[Dataset excerpts]
:::

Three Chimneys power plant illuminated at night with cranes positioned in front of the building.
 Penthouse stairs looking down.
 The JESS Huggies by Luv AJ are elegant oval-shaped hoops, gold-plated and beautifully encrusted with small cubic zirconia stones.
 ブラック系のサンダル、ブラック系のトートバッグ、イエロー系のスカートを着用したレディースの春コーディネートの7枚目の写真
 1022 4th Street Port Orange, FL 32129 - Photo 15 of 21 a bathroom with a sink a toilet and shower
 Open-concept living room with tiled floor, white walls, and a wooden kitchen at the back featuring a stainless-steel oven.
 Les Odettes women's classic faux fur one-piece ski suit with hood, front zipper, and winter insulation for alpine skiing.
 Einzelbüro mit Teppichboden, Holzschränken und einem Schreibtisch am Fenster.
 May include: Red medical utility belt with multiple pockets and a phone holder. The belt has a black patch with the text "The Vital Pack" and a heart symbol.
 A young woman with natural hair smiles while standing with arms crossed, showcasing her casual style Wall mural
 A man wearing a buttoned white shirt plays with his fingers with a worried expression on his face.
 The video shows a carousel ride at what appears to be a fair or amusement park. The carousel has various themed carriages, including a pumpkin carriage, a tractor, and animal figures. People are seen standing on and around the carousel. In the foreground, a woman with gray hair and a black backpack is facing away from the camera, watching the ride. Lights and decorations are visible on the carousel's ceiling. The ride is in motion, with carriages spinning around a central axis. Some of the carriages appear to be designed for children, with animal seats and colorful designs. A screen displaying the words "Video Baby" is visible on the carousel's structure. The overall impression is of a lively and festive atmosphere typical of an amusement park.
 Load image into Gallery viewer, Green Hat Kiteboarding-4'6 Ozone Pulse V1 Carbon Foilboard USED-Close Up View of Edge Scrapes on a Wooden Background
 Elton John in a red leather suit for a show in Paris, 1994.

:::

→ Task details
The required answer is the exact run of lines above starting at the line with "Open-concept living room" and ending at the line with "Load image into", with both ends present.

→ Solution to the problem
 Open-concept living room with tiled floor, white walls, and a wooden kitchen at the back featuring a stainless-steel oven.
 Les Odettes women's classic faux fur one-piece ski suit with hood, front zipper, and winter insulation for alpine skiing.
 Einzelbüro mit Teppichboden, Holzschränken und einem Schreibtisch am Fenster.
 May include: Red medical utility belt with multiple pockets and a phone holder. The belt has a black patch with the text "The Vital Pack" and a heart symbol.
 A young woman with natural hair smiles while standing with arms crossed, showcasing her casual style Wall mural
 A man wearing a buttoned white shirt plays with his fingers with a worried expression on his face.
 The video shows a carousel ride at what appears to be a fair or amusement park. The carousel has various themed carriages, including a pumpkin carriage, a tractor, and animal figures. People are seen standing on and around the carousel. In the foreground, a woman with gray hair and a black backpack is facing away from the camera, watching the ride. Lights and decorations are visible on the carousel's ceiling. The ride is in motion, with carriages spinning around a central axis. Some of the carriages appear to be designed for children, with animal seats and colorful designs. A screen displaying the words "Video Baby" is visible on the carousel's structure. The overall impression is of a lively and festive atmosphere typical of an amusement park.
 Load image into Gallery viewer, Green Hat Kiteboarding-4'6 Ozone Pulse V1 Carbon Foilboard USED-Close Up View of Edge Scrapes on a Wooden Background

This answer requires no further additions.